Step 2.4: Evaluate the fit. Examine the out of sample error for your
models. Use tables or graphs to display your results. Is there a model
that dominates?
# Logistic Regression
log_cm <- confusionMatrix(log_preds, test_data_reduced$target)
log_metrics <- tibble(
Model = "Logistic Regression",
Accuracy = log_cm$overall["Accuracy"],
Sensitivity = log_cm$byClass["Sensitivity"],
Specificity = log_cm$byClass["Specificity"],
F1 = log_cm$byClass["F1"]
)
# Random Forest
rf_cm <- confusionMatrix(rf_preds, test_data_reduced$target)
rf_metrics <- tibble(
Model = "Random Forest",
Accuracy = rf_cm$overall["Accuracy"],
Sensitivity = rf_cm$byClass["Sensitivity"],
Specificity = rf_cm$byClass["Specificity"],
F1 = rf_cm$byClass["F1"]
)
# XGBoost
xgb_cm <- confusionMatrix(xgb_preds, true_labels, positive = "1")
xgb_metrics <- tibble(
Model = "XGBoost",
Accuracy = xgb_cm$overall["Accuracy"],
Sensitivity = xgb_cm$byClass["Sensitivity"],
Specificity = xgb_cm$byClass["Specificity"],
F1 = xgb_cm$byClass["F1"]
)
# Combine into one table
all_metrics <- bind_rows(log_metrics, rf_metrics, xgb_metrics)
# Display table
print(all_metrics)
## # A tibble: 3 × 5
## Model Accuracy Sensitivity Specificity F1
## <chr> <dbl> <dbl> <dbl> <dbl>
## 1 Logistic Regression 0.435 0.47 0.4 0.454
## 2 Random Forest 0.538 0.553 0.523 0.545
## 3 XGBoost 0.5 0.237 0.785 0.330
Random Forest is the most consistent of the three models and has the
highest Accuracy, Sensitivity, and F1 Score.

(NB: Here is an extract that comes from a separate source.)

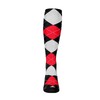 Youth Over the Calf Argyle Sock Black, Red and White 360 View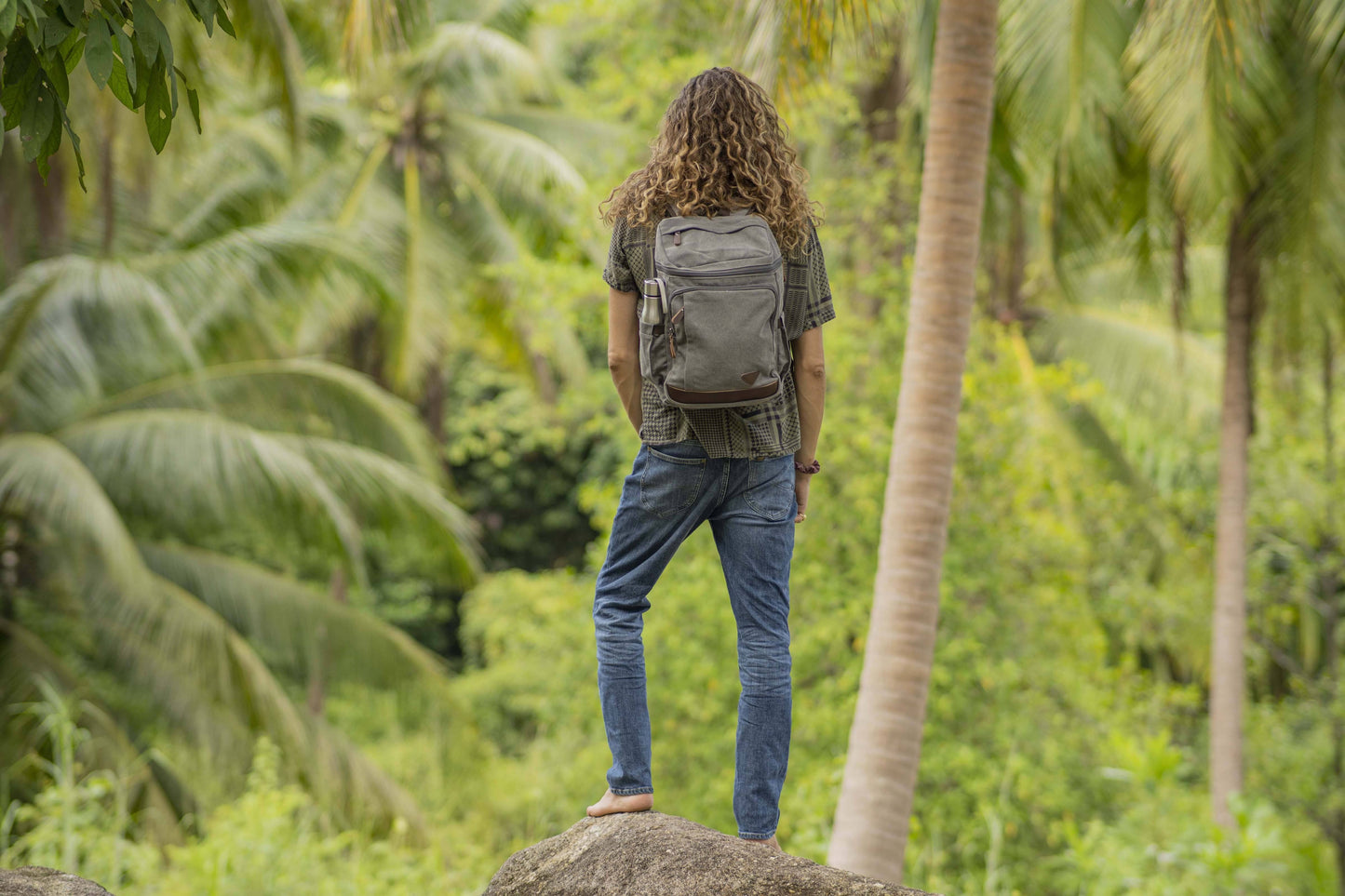 Canvas Rucksack in grau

Step 2.5: Select best model. From your answer in (4), what do you
think is the “best” model?
We choose the XGBoost model because it has the highest specificity
score (0.785). The specificity score is the percentage of individuals
that are accurately predicted to not donate. This is useful information
when the goal is to minimize costs and maximize profits efficiently so
there are no wasted marketing expenditures to these individuals.
Step 3: Testing using Future Fundraising Test File:
Results: The XGBoost model succesfully predicted donor vs. not donor
53% are likely to be donors when submitted into the leaderboard.